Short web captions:

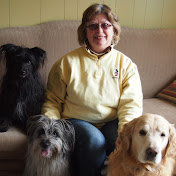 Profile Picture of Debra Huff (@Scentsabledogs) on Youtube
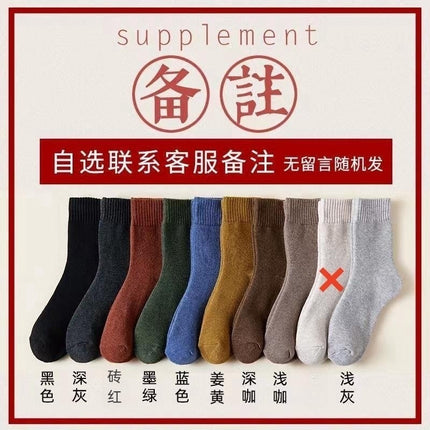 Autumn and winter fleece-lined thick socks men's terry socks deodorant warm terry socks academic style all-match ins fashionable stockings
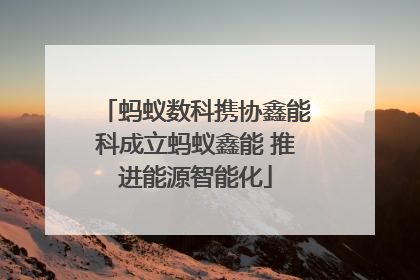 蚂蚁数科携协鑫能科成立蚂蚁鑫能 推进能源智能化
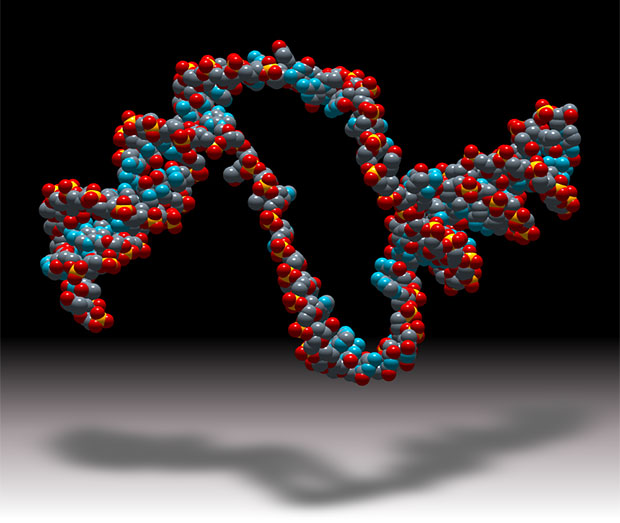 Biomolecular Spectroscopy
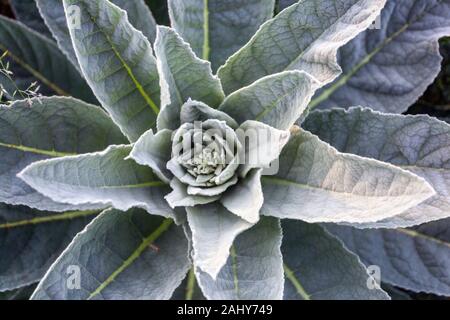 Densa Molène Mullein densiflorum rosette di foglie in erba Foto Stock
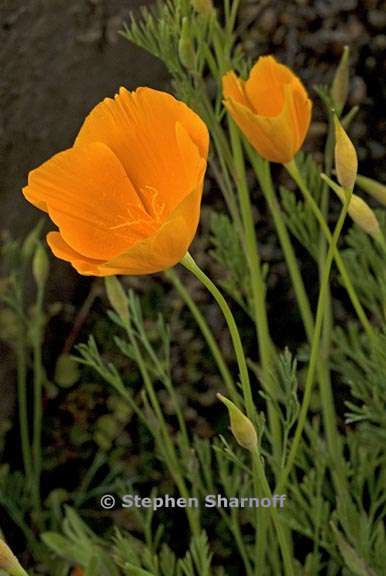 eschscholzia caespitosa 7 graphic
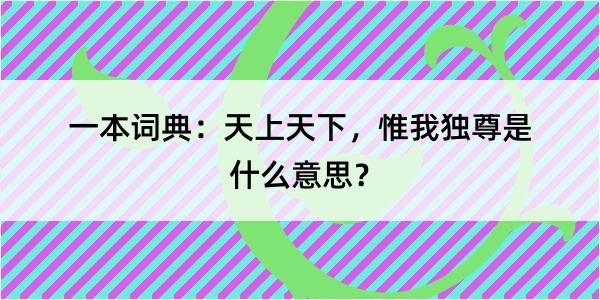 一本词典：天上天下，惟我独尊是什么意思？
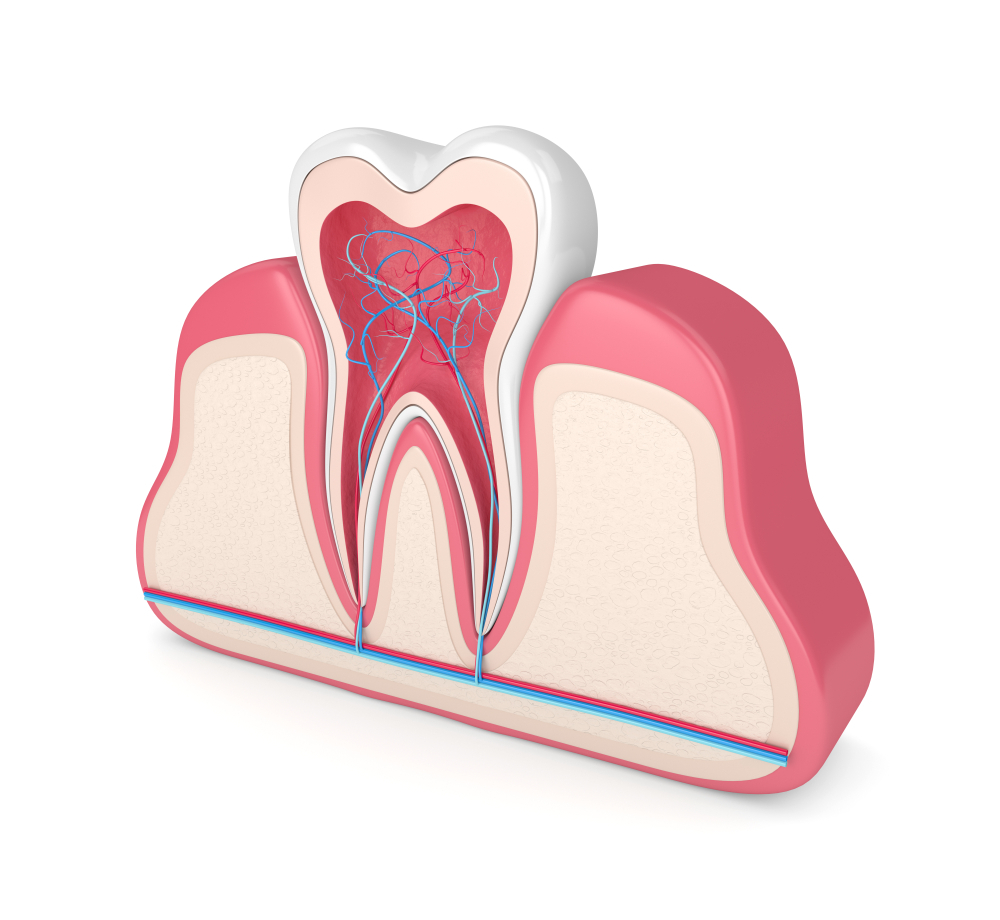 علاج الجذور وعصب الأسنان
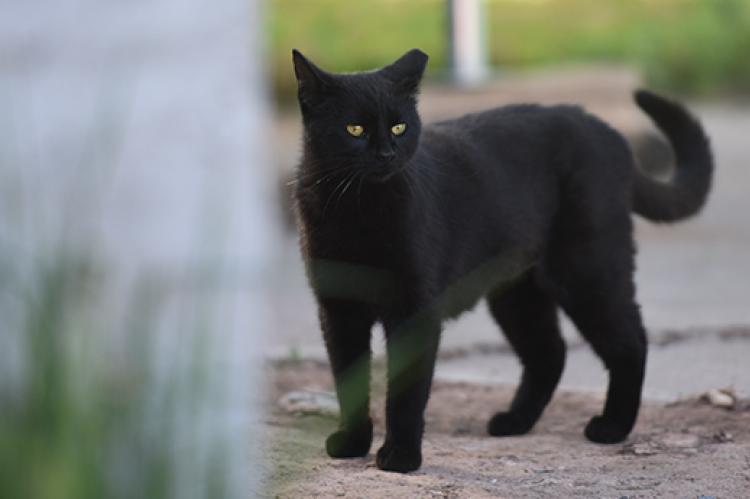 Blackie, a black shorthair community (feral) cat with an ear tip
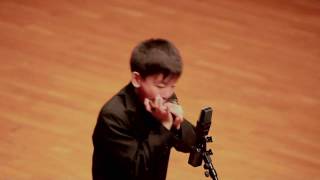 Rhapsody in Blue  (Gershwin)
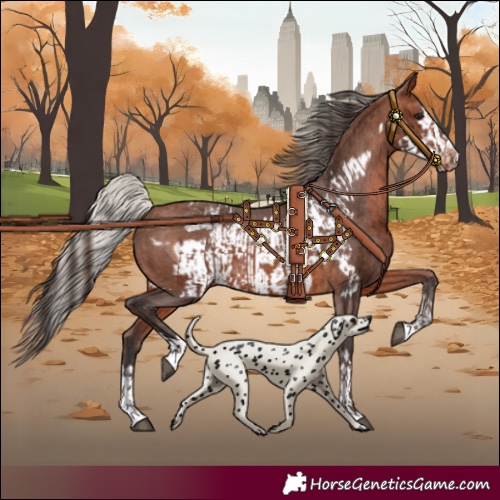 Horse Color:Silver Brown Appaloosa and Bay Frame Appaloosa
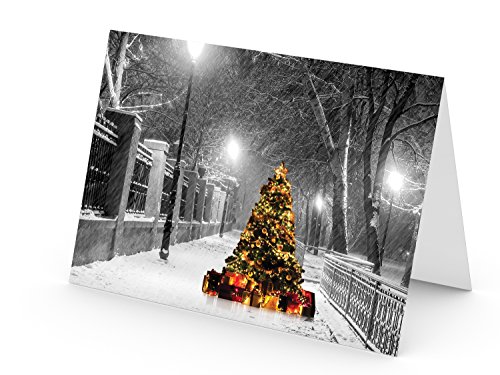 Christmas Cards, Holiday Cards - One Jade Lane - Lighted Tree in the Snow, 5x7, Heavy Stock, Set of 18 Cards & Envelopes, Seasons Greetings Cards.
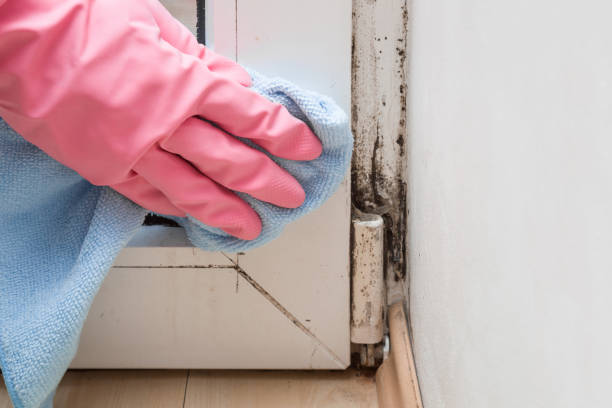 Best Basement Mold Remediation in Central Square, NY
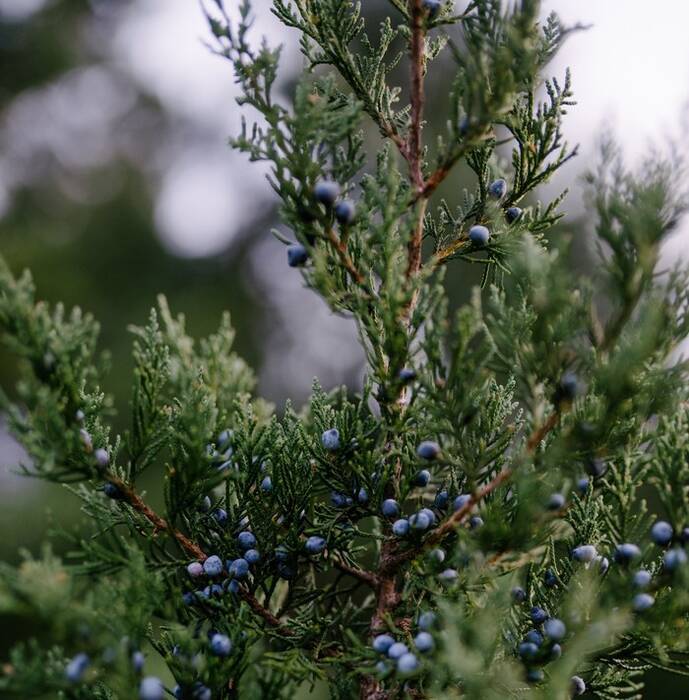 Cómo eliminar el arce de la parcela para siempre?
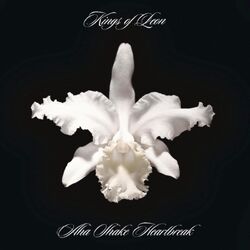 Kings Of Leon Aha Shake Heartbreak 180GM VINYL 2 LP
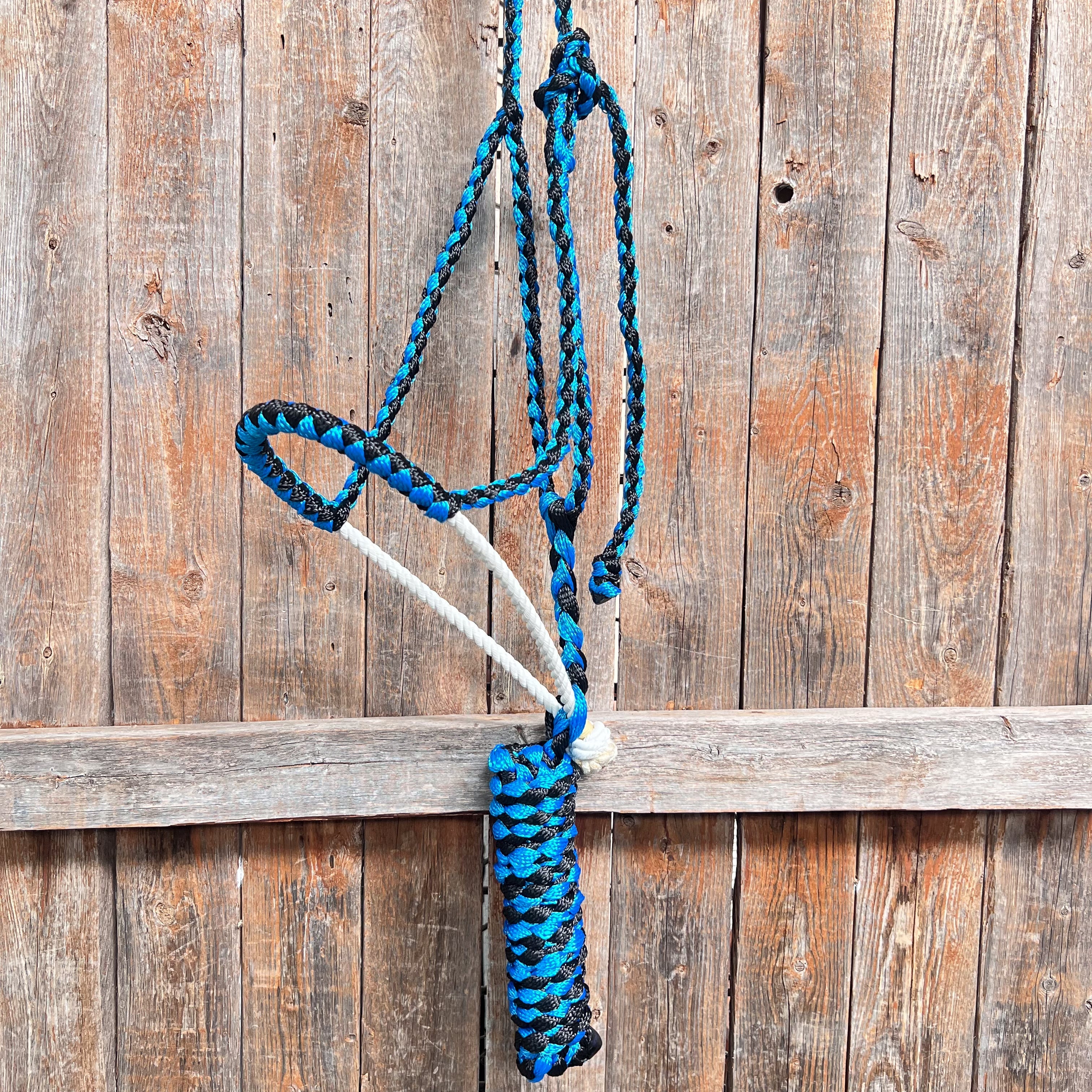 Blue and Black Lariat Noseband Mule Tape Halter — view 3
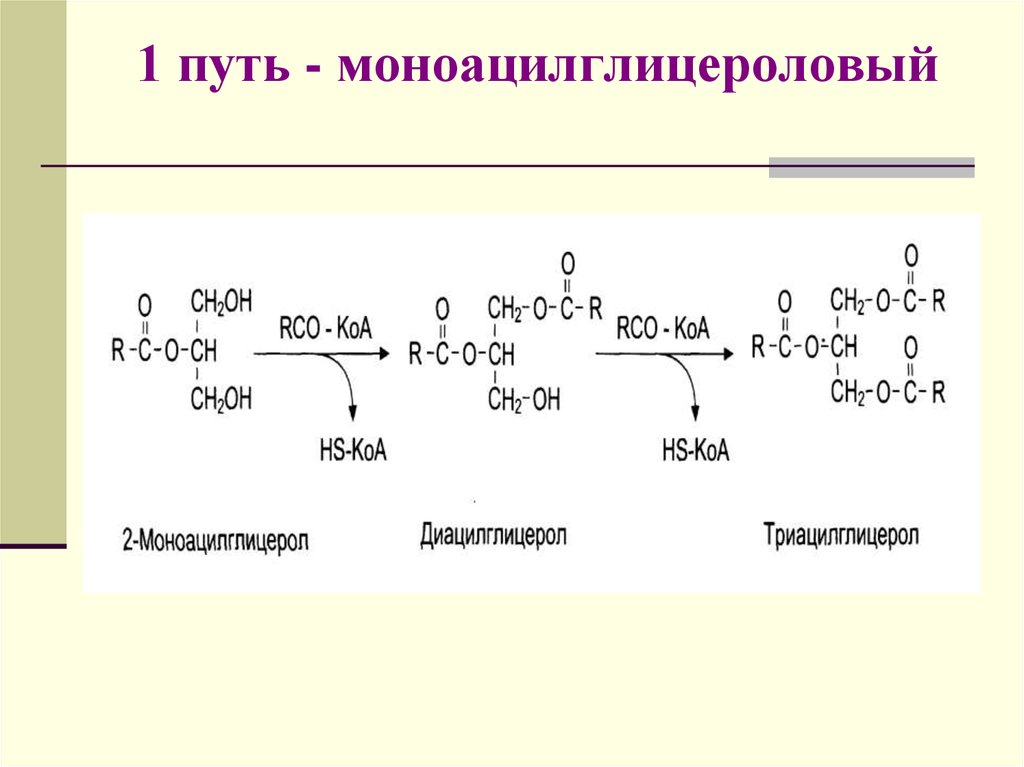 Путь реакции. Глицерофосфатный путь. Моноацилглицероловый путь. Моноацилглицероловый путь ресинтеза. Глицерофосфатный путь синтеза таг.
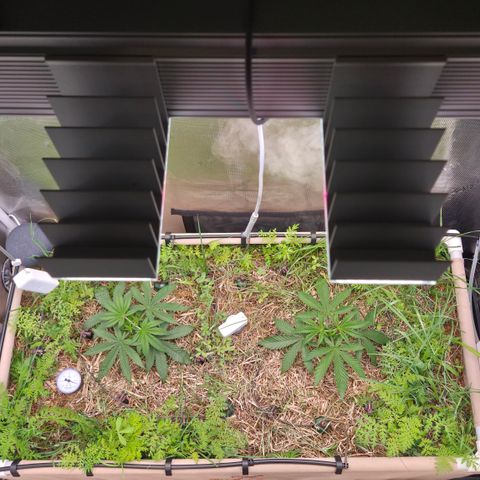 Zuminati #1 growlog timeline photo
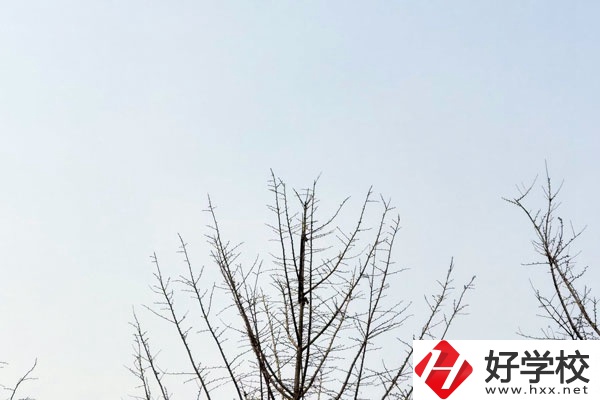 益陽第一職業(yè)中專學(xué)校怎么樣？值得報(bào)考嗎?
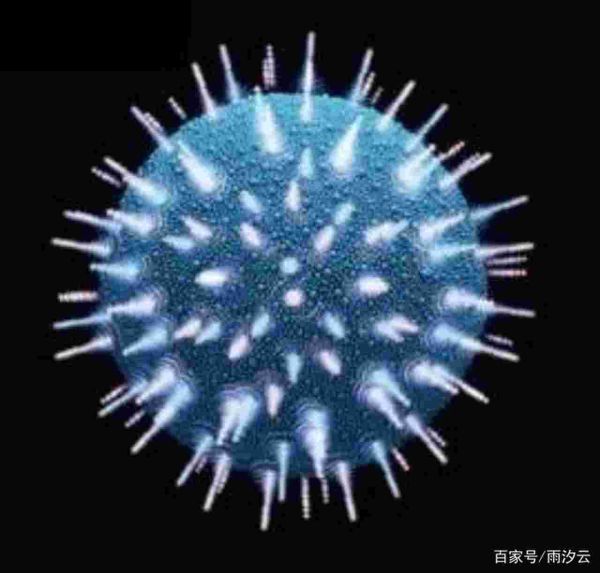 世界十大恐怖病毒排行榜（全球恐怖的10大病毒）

THE TASK: Reproduce the lines above beginning at the line that contains "Rhapsody in Blue" and ending at the line that contains "Путь реакции. Глицерофосфатный". No pictures.

TASK RESULT:
 Rhapsody in Blue  (Gershwin)
 Horse Color:Silver Brown Appaloosa and Bay Frame Appaloosa
 Christmas Cards, Holiday Cards - One Jade Lane - Lighted Tree in the Snow, 5x7, Heavy Stock, Set of 18 Cards & Envelopes, Seasons Greetings Cards.
 Best Basement Mold Remediation in Central Square, NY
 Cómo eliminar el arce de la parcela para siempre?
 Kings Of Leon Aha Shake Heartbreak 180GM VINYL 2 LP
 Blue and Black Lariat Noseband Mule Tape Halter — view 3
 Путь реакции. Глицерофосфатный путь. Моноацилглицероловый путь. Моноацилглицероловый путь ресинтеза. Глицерофосфатный путь синтеза таг.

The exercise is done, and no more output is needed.